Content starts
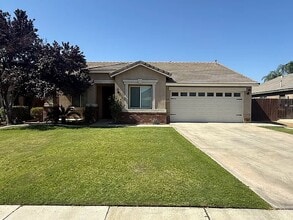 Building Photo - 13325 Boyd Lake Dr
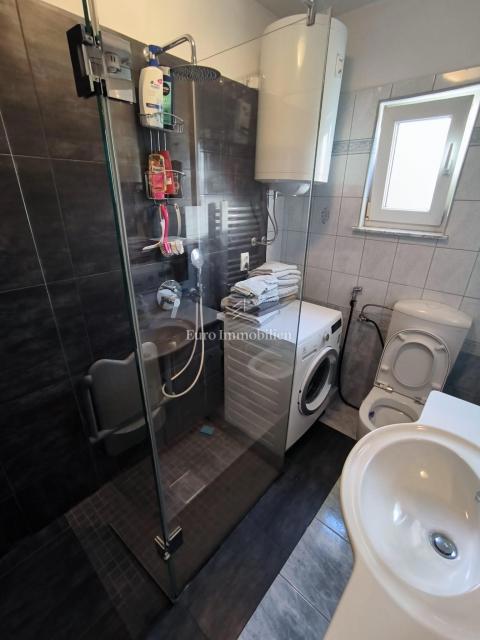 Drenova - appartamento con 2 balconi, giardino e parcheggio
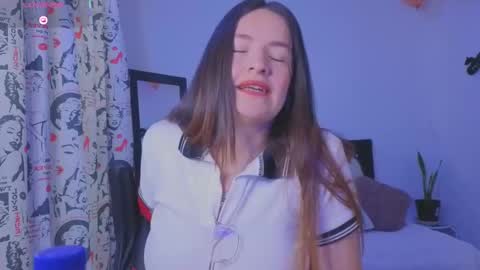 ASHLEY online show from October 4, 2025, 4:05 pm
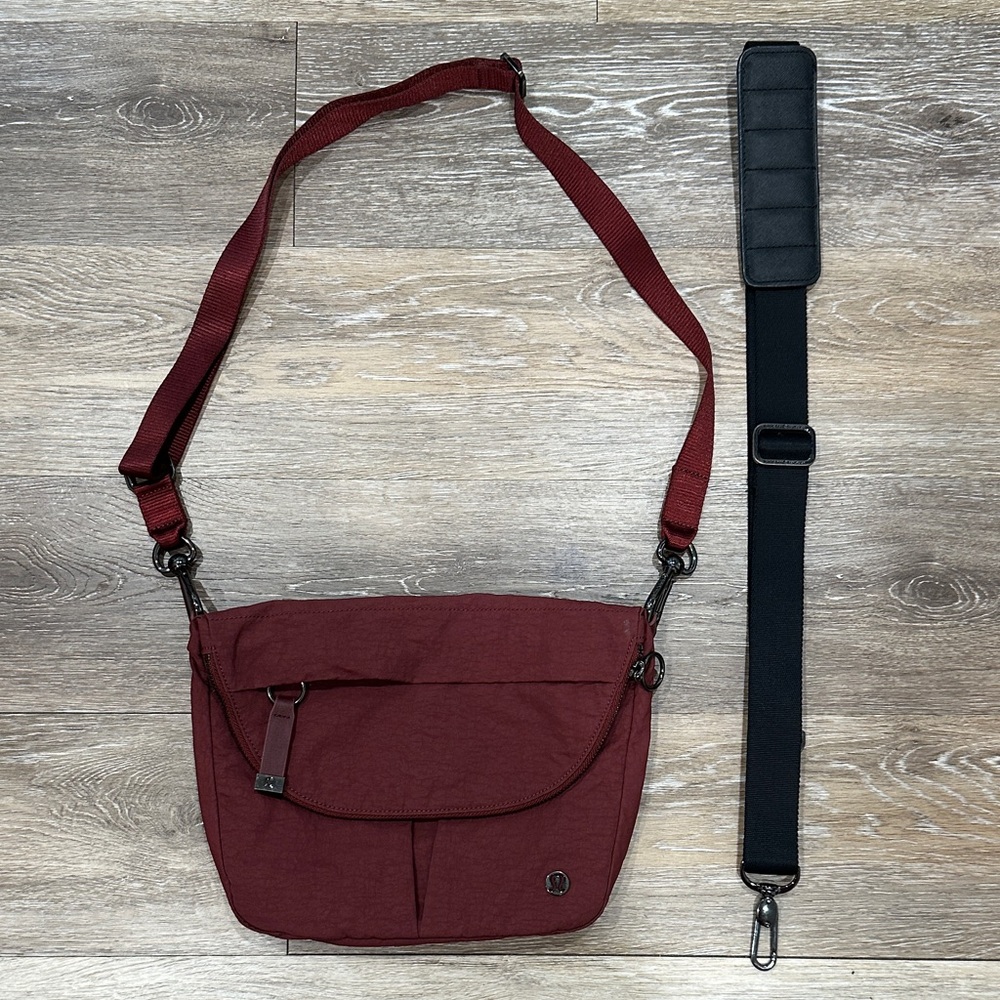 Like New! lululemon maroon All Night Festival Bag with Extra Black Strap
Content ends
→ The task: Pictures aside, reproduce exactly the lines from the one containing "ASHLEY online show" to the end of the listing above, both ends included.

→ Response:
 ASHLEY online show from October 4, 2025, 4:05 pm
 Like New! lululemon maroon All Night Festival Bag with Extra Black Strap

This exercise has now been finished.